もし私のこの思いがスミスにとって苦痛となっているのだとしたら。
これは私の想いの押し付けということになる。
私が9歳の頃、両親は行方不明となった。
ヴィグリッドの街を守った英雄として人々から一時的に褒め称えられた。
最初は周囲の人も優しくしてくれた。
そう最初だけ。
時が経つにつれ、
「少し優しくしたら付け入るようになった。
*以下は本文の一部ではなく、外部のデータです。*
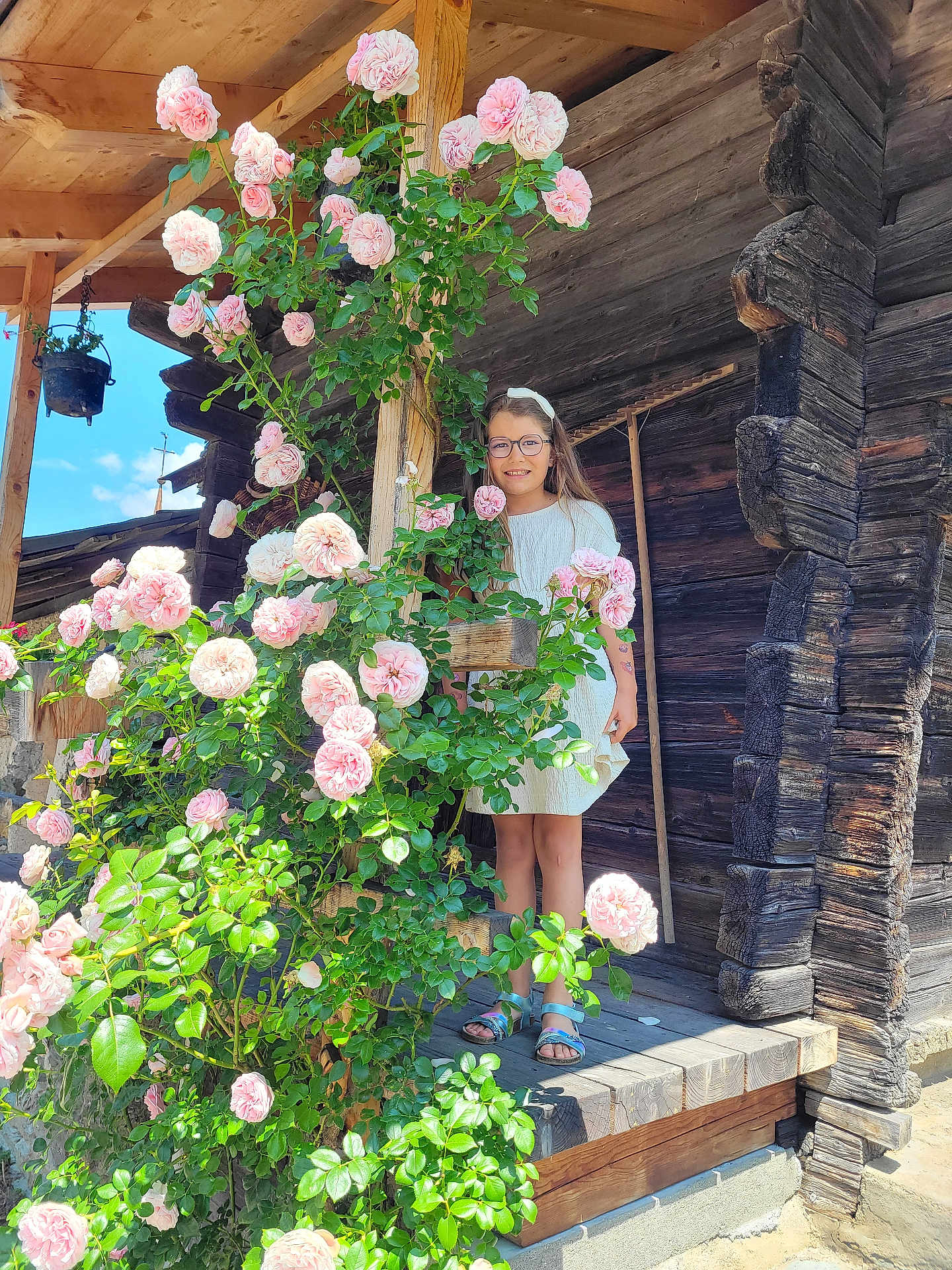 Agathe participe au concours pour gagner de l'argent avec cette photo : child, girl, flowers, roses, glasses, white_dress, wooden_porch, log_cabin, greenery, plants, outdoor, sunlight, nature, smiling, summer, leaves, wood, standing, happy, portrait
」
「親は立派なのに子供はね...」
様々な罵倒を受けた。
私は何もしていないのに。
そんな最中、私の家に一人の男性が訪れた。
スミスだ。
しばらくの間は急にオネェキャラになったことを不思議に思ったがそんなことは些細なことだった。
彼は私の両親のように接してくれた。
2年前、両親が行方不明になり8年が経過した。
二人が死亡扱いになったことを知らせる書類を読み、泣き崩れた時もスミスは黙って抱きしめてくれた。
いつだって私のそばにいてくれた。
スミスはかけがえのないパートナーだ。
...と私はそう思っている。
だけどもしスミスがそれを苦痛に思っているのだとしたら...
最期くらいは一人でのんびりと暮らしたいのであれば...
私はどうしたら良いのだろう。
はい、どうもこんにちは。おっさんです。
オネェって男、女両方兼用しているから最強だよねってお話。(違いますけどね。)
あと書いてて思ったんですが、時系列訳分からんなーって。
一々見直すのも面倒なんで2章終わったら時系列順に纏めます。
よし!!そんな訳で今日の後書きもこの辺で。
ここまでお読みいただきありがとうございました。
それでは!!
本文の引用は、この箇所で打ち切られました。